Published by Finews.asia – 25th Sep 2017
Following a week where it sold CommInsure to AIA then announced a review of its asset management unit, is Australia’s largest bank about sell again?
There is strong belief that Commonwealth Bank of Australia (CBA) is about put up the for sale sign on its financial planning businesses Count Financial and Financial Wisdom.
CBA bought Count Financial in August 2011 for $373 million, creating one of the biggest financial planning forces in the country and Australia’s largest network of accounting based advisory firms. Earlier this year finews.asia reported that its its chief executive, David Lane, who had been running the business since its purchase by CBA, decided to jump ship to Perpetual.
Wealth Management Weakness
CBA recently appointed a replacement, plucked from the bank’s specialist home and mobile lending business, with a lesser title of general manager. Well placed sources according to «The Sydney Morning Herald» say Count has been a disappointment and that a clean up, including impairments is inevitable.
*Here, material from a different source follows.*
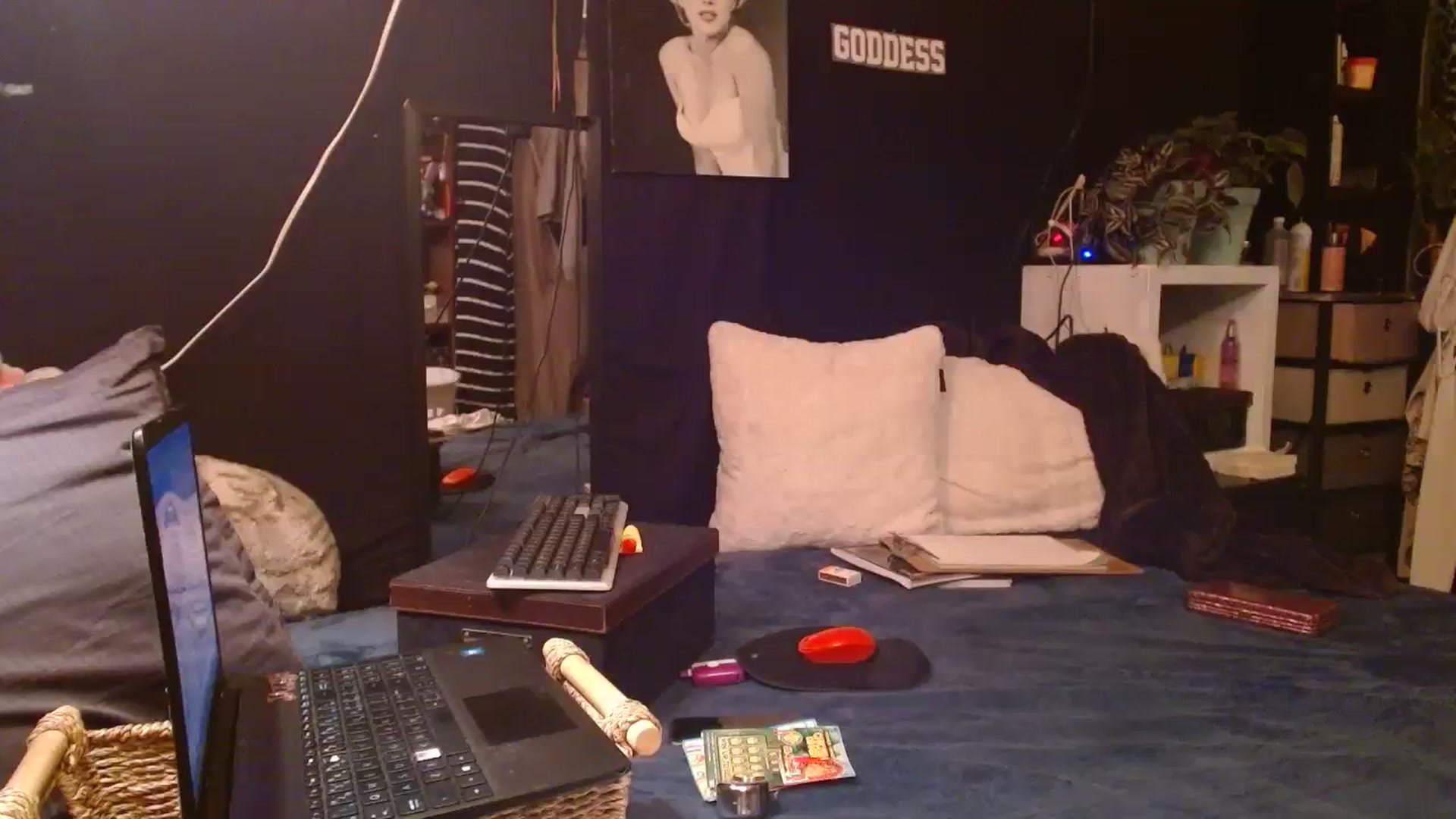 Gallery image thumbnail from LittleMissZee's myfreecams stream on, 09/03/2023, 13:15 image 5 of 20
Michael Venter, who has been elevated to take charge of CBA’s wealth division after Annabel Spring announced her departure, will be responsible for the future of the financial planning operations. He has a lot on his plate.
Driven by Competition
The dilution of the CBA’s wealth management division is being driven by competition, regulation and under-performance. The recent money laundering scandal which spread to Asian jurisdictions has not helped. It is also driven by the realisation that banks do not need to manufacture products to generate revenue from them.